Yet it pleased God, in this distressful state of his church, to provide for its continuance, and even integrity, in due time, by making the cloystered ignorance of the Monks serve to the preservation of the sacred canon; and the enslaving projects of a tyrannical hierarchy, to the restoration of religious and civil liberty.
And thus, though the powers of hell had been successively let loose against the church of Christ in the terrible shapes, first, of Jewish and Gentile persecution; then, of heresy, in the church itself; next, of Mahometan enthusiasm; and, lastly, of Antichristian superstition; yet have they not prevailed against this sacred structure, founded on a rock, guarded, as we believe, by heaven itself, and therefore destined to be eternal.
I have touched these several particulars slightly and rapidly, just to put you in mind of what the Christian religion has endured, since its appearance in the world; and to let you see how unlikely it is that this religion should have kept its ground against these various and multiplied attacks, if it had not been divinely protected.
But of all the trials, to which it has been exposed, the greatest by far, if this religion had been an imposture, is ONE, which I have not yet mentioned; and that is, the examination of severe, enlightened Reason.
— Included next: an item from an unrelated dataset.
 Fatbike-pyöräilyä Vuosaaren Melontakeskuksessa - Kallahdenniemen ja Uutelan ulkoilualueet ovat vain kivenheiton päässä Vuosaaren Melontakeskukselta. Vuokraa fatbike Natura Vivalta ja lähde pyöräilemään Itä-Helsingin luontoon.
And this trial, to complete its honour, our divine faith hath TWICE undergone: once, in the very season of its birth; and now, again, for two or three centuries, since the revival of letters, in our Western world: periods, both of them, distinguished, in the annals of mankind, by a more than common degree of light and knowledge; which must, in the nature of things, have been fatal to any scheme of religion, pretending only to a divine original, and not really so descended.
But this part of the argument is too large, as well as too important, for me to enter upon at present. Let me therefore conclude with a short and interesting reflexion on so much of it, as we have been considering.
It was natural, no doubt, for the author of a new religion, full of his scheme, and impressed with the importance of it, to promise to himself the perpetuity of his work. But a wise man might easily conjecture that a religion, like the Christian, would meet with the fiercest opposition: and, though this be not a proper time to shew it, it might be shewn, that the spirit of Christ[293] distinctly foresaw the several species of opposition, which his religion had to encounter[294].
Yet, in the face of all these perils, our Lord predicts, in the most direct and positive terms, that his church should brave them all, and subsist for ever. It has subsisted to this day, after encountering such storms of persecution and distress, as must, in all likelihood, have overturned any human fabrick. Is not the true solution of the fact, this, that it was founded on the word of God, which endureth for ever[295]? The rest, then, follows of course. The wise master-builder (to use his own words on another occasion, near akin to this) had built his house upon a ROCK: and the rain descended, and the floods came, and the winds blew and beat upon that house: and it FELL NOT, for it was founded upon a ROCK[296].